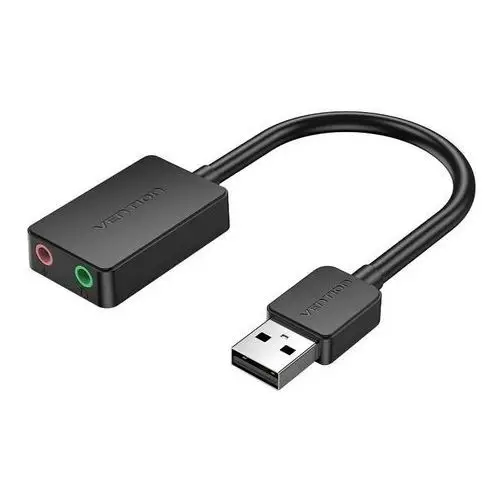 Zewnętrzna karta dźwiękowa USB 2.0 Vention CDYB0 2-portowa 0.15m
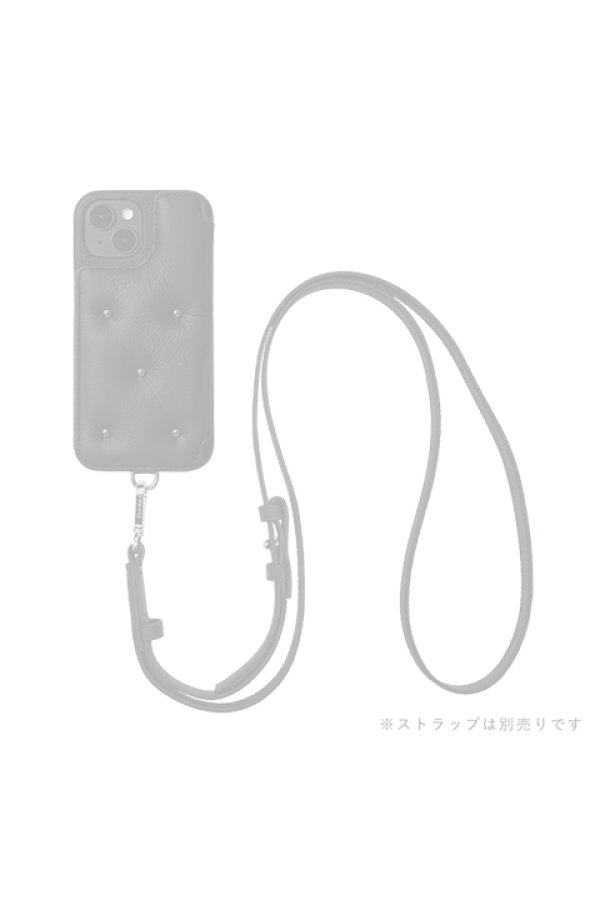 画像3: {※取り寄せ不可}DEMIU デミュウ BALLON CINQ/iPhone15/ブラック×ブラックスタッズ{DU-BAC16BZ} (3)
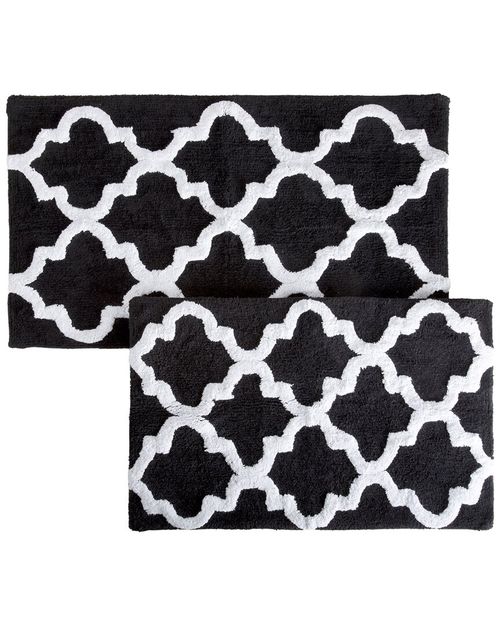 Cotton Plush 2Pc Bath Mat Set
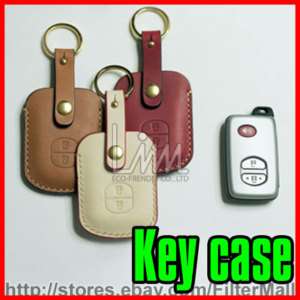 TOYOTA LANDCRUISER SMART KEY CASE COVER LEATHER RED  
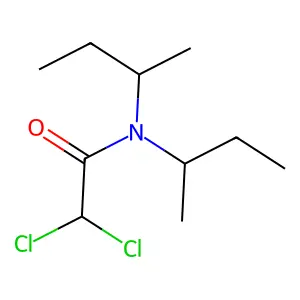 n,n-Di(butan-2-yl)-2,2-dichloroacetamide structure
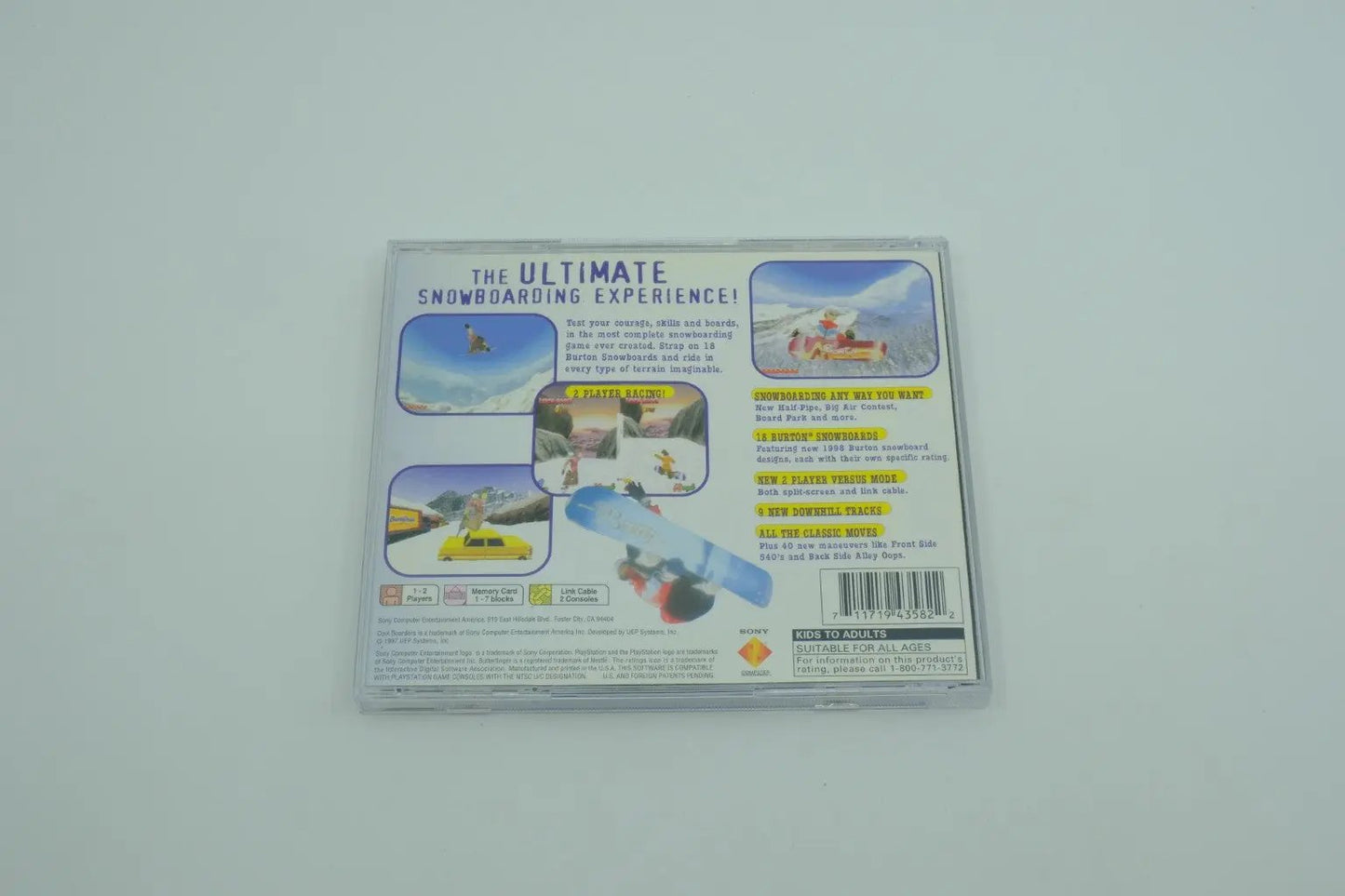 CoolBoarders 2 – Complete in Box RetroGate - Your Gateway to Classic Gaming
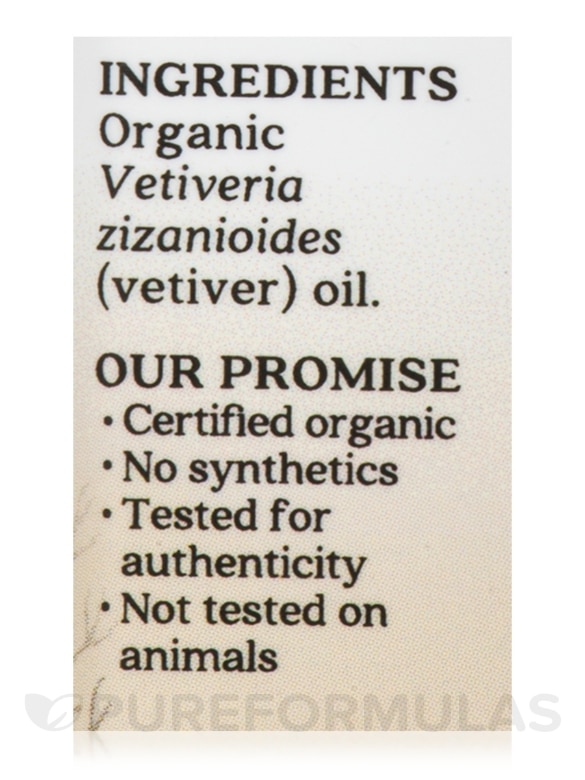 Organic Vetiver Pure Essential Oil - 0.25 fl. oz (7.4 ml) - Alternate View 4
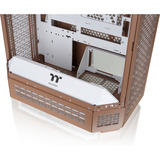 Thermaltake The Tower 600 Mocha Mousse, Tower-Gehäuse hellbraun, Tempered Glass x 3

▶ [INSTRUCTIONS FOR THE TASK] Retype the records in full. Do not carry over the images.

▶ [WRITTEN ANSWER]
 Zewnętrzna karta dźwiękowa USB 2.0 Vention CDYB0 2-portowa 0.15m
 画像3: {※取り寄せ不可}DEMIU デミュウ BALLON CINQ/iPhone15/ブラック×ブラックスタッズ{DU-BAC16BZ} (3)
 Cotton Plush 2Pc Bath Mat Set
 TOYOTA LANDCRUISER SMART KEY CASE COVER LEATHER RED  
 n,n-Di(butan-2-yl)-2,2-dichloroacetamide structure
 CoolBoarders 2 – Complete in Box RetroGate - Your Gateway to Classic Gaming
 Organic Vetiver Pure Essential Oil - 0.25 fl. oz (7.4 ml) - Alternate View 4
 Thermaltake The Tower 600 Mocha Mousse, Tower-Gehäuse hellbraun, Tempered Glass x 3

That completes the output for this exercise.